[Task item]:
Below, locate the line that contains "Hexagonal Fence with". Repeat exactly from that line to the line that contains "Koi Karasi Hitam", inclusive, leaving out the pictures.

________________________________________

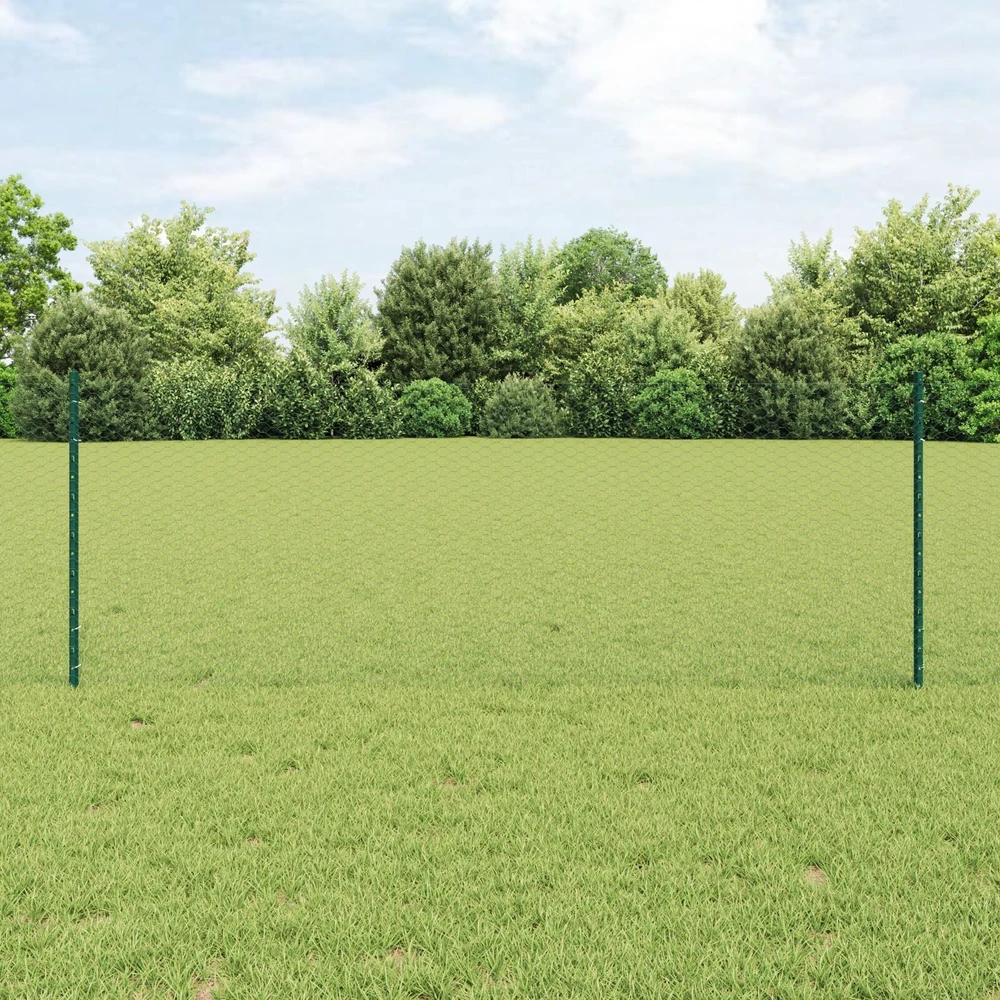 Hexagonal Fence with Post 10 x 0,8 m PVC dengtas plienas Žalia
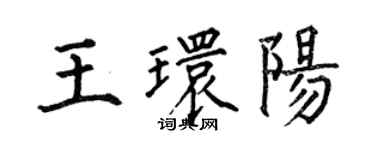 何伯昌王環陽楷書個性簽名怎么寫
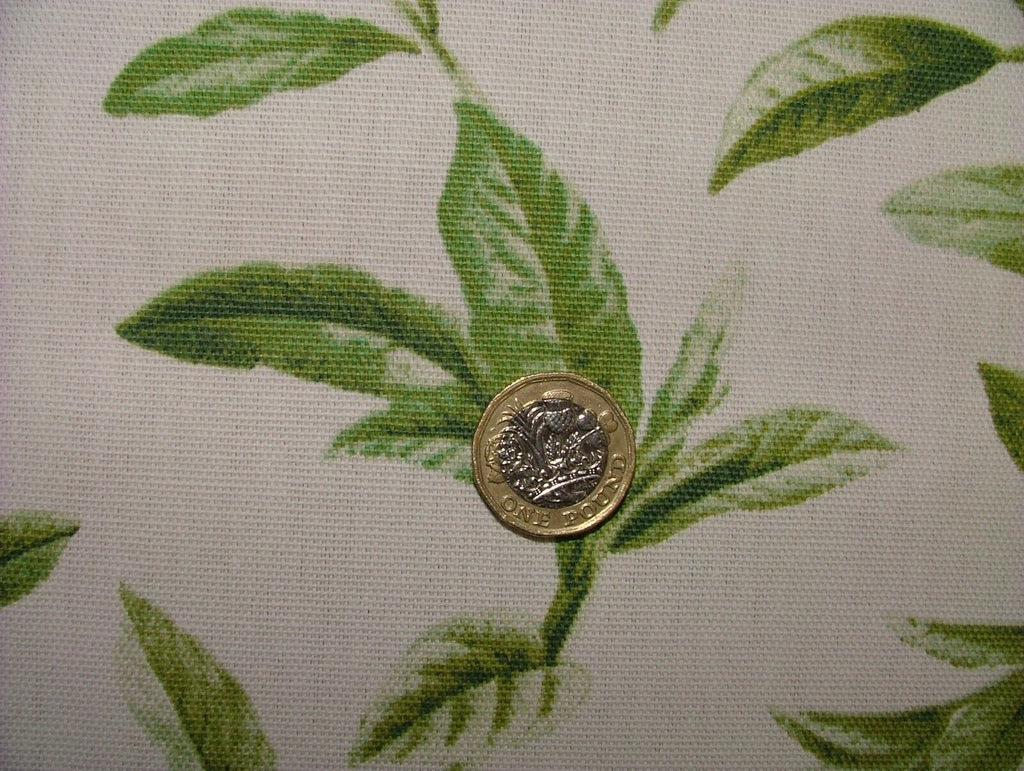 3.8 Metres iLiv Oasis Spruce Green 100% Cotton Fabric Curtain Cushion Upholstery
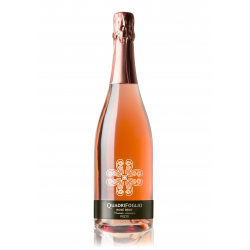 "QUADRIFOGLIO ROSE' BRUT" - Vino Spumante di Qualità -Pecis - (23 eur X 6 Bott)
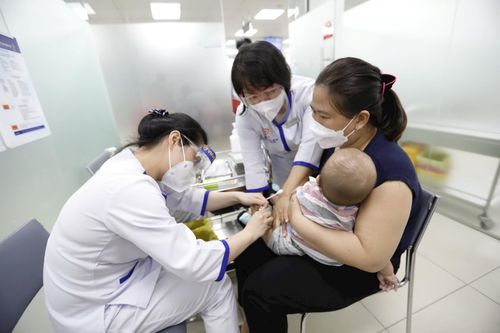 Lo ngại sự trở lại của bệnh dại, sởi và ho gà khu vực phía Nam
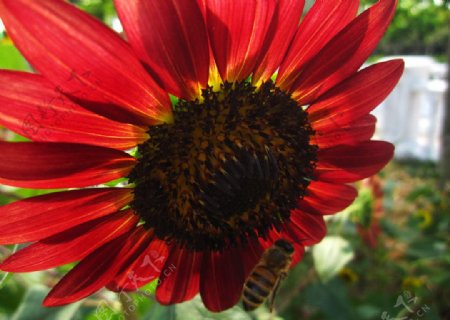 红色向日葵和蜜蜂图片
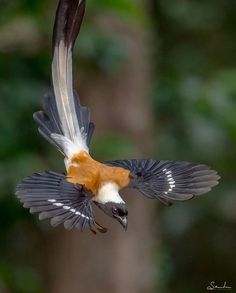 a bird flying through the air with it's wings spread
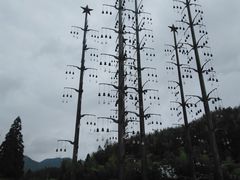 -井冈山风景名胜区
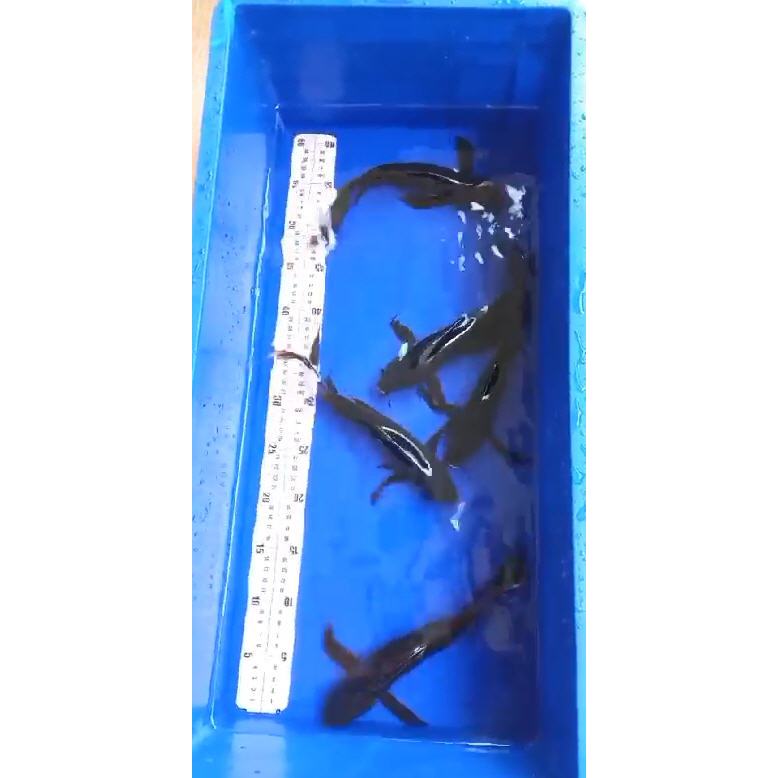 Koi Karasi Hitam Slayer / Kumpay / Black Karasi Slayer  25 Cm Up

________________________________________

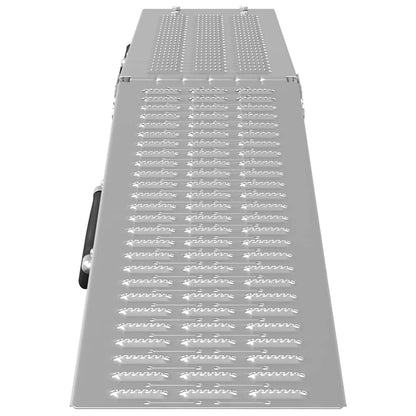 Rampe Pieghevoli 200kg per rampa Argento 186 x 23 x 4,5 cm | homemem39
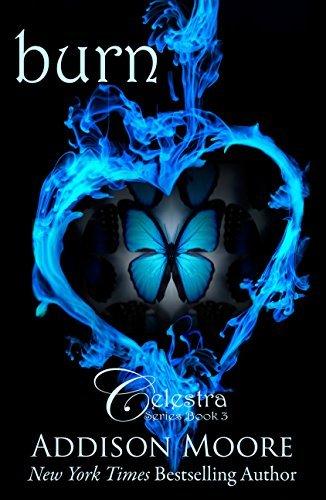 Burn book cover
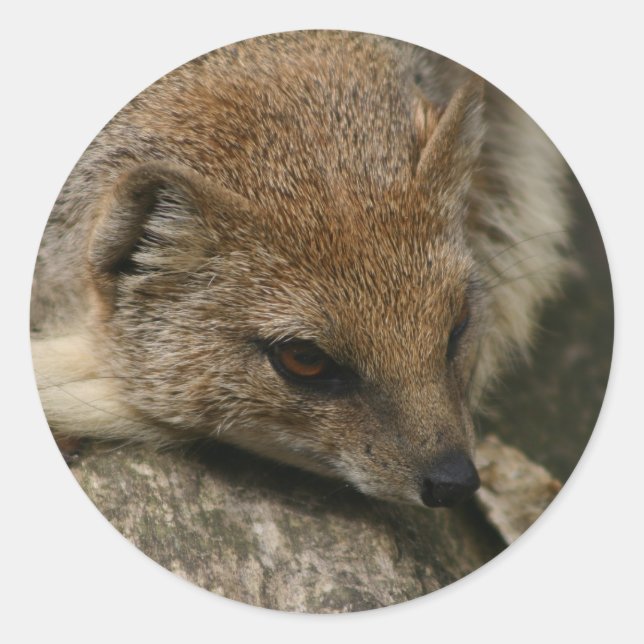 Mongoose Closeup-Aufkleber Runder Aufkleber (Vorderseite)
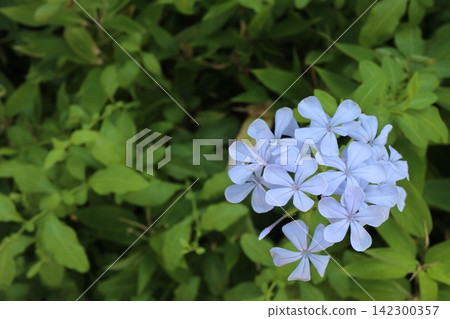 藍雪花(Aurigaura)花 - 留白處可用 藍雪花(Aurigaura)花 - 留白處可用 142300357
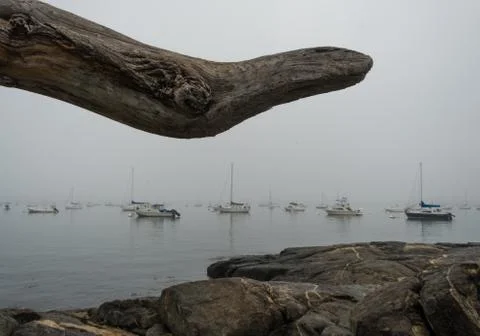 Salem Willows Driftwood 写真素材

________________________________________

[Task output]:
 Hexagonal Fence with Post 10 x 0,8 m PVC dengtas plienas Žalia
 何伯昌王環陽楷書個性簽名怎么寫
 3.8 Metres iLiv Oasis Spruce Green 100% Cotton Fabric Curtain Cushion Upholstery
 "QUADRIFOGLIO ROSE' BRUT" - Vino Spumante di Qualità -Pecis - (23 eur X 6 Bott)
 Lo ngại sự trở lại của bệnh dại, sởi và ho gà khu vực phía Nam
 红色向日葵和蜜蜂图片
 a bird flying through the air with it's wings spread
 -井冈山风景名胜区
 Koi Karasi Hitam Slayer / Kumpay / Black Karasi Slayer  25 Cm Up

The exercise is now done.